Xavier Corval, fondateur d’Eqosphère et membre du Mouvement des entrepreneurs sociaux, et Arno Pons, directeur général de l’agence digitale 5ème Gauche, appellent à un plan national de valorisation de l’économie numérique. Explications

Que nous manque-t-il pour qu'émergent en France les Google et Facebook de demain ?

 

Xavier Corval et Arno Pons. Aux Etats-Unis, à la fin des années 1990, le vice-président Al Gore, avec son concept d'autoroutes de l'information, a pris le parti d'investir dans le numérique tout en laissant les entrepreneurs s'approprier et développer ce potentiel, convaincu que cette nouvelle économie deviendrait un levier de croissance et de puissance pour le pays. La France a raté ce virage initial, mais il n'est pas trop tard pour libérer les énergies. A l'heure où les contraintes budgétaires menacent l'innovation, où la morosité pèse sur les initiatives économiques, «l'énergie» numérique est une véritable opportunité de rebond. Innover et exploiter la transversalité sont indispensables pour faire face aux défis du moment et, au-delà, aller vers un modèle de croissance raisonnée et durable intégrant d'autres indicateurs que le seul produit intérieur brut (PIB).
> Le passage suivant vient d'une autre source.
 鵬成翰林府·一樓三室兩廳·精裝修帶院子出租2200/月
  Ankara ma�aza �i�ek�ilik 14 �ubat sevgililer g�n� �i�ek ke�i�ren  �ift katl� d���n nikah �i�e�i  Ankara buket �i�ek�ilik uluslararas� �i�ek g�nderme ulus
C'est dans cet esprit que nous proposons l'organisation d'un Grenelle du numérique qui est une invitation à la conduite collective du changement. Il faut une prise de conscience et une volonté politique favorisant l'innovation dans un cadre économique repensé

 

Pourquoi cette appellation «Grenelle du numérique», après un «Grenelle de l'environnement» connoté politiquement et sujet à controverse ?

 

X.C. et A.P. Le Grenelle de l'environnement, lancé sous la présidence de Nicolas Sarkozy, a eu le mérite de mettre le sujet du développement durable au cœur des débats et d'embarquer les différents intervenants dans une démarche constructive et collaborative. Nous avons les mêmes objectifs: favoriser une prise de conscience collective de l'enjeu numérique et coproduire des solutions qui engagent les acteurs privés et publics. C'est un changement de paradigme de la politique publique. Le but n'est pas de légiférer mais d'imaginer le nouveau modèle de relation entre les collectivités publiques et les forces vives du numérique. Nous devons inventer un type d'organisation à mi-chemin entre les commissions et les «hackathons». Les politiques doivent comprendre qu'Internet implique une logique «bottom-up» [de bas en haut] qui modifie la relation public-privé.

 

C'est pourtant bien aux pouvoirs publics que vous en appelez pour orchestrer ce mouvement...

 

X.C. et A.P. Il faut évidemment une impulsion nationale et c'est à l'Etat stratège de décider des politiques publiques. Mais, alors que la crise empêche d'investir massivement dans l'innovation, notre pays doit imaginer et expérimenter un modèle qui soit «open innovation», reposant sur la conviction que, désormais, l'innovation créatrice de richesses économiques et sociétales peut émerger de partout. Il s'agit de créer le partenariat gagnant entre l'Etat, les collectivités locales et les acteurs du secteur afin de maximiser le potentiel d'innovation.
C'est ce débat-là qui doit être mené. En France, nous avons un ministère de l'Economie numérique, un Conseil national du numérique, des associations comme Cap digital, un vivier d'entreprises, des incubateurs de start-up, etc. Réunir tous ces acteurs dans un Grenelle des synergies numériques montrerait la voie - par la concertation - d'une croissance collaborative et sortir du fonctionnement en silos.

 

Vous voulez également faire oublier le mouvement des Pigeons ?

 

X.C. et A.P. La seule fois que les acteurs de l'économie numérique ont été identifiés par le grand public et considérés par le gouvernement, ce fut pour la défense de leurs propres intérêts via les «Pigeons»... Oui, cette impulsion pour un Grenelle du numérique vise aussi à offrir une autre image des acteurs du numérique.

 

Quelles sont les prochaines étapes de votre initiative ?

 

X.C. et A.P. Nous lançons un manifeste sur le site Grenelle-numerique.fr qui a déjà reçu le soutien de Dominique Roux, directeur de la chaire d'économie numérique de l'université de Paris-Dauphine, Stéphane Distinguin, président de Faber Novel et de Cap digital, Edouard de Pouzilhac, président de l'AACC interactive, Pierre Robinet, directeur de l'intégration digitale chez Publicis, Eric Legale, directeur général d'Issy Media... Entendre, le 14 juillet, le président de la République dire «Nous allons tout mettre sur le numérique» nous encourage dans notre démarche. A cette ambition nous proposons une méthode!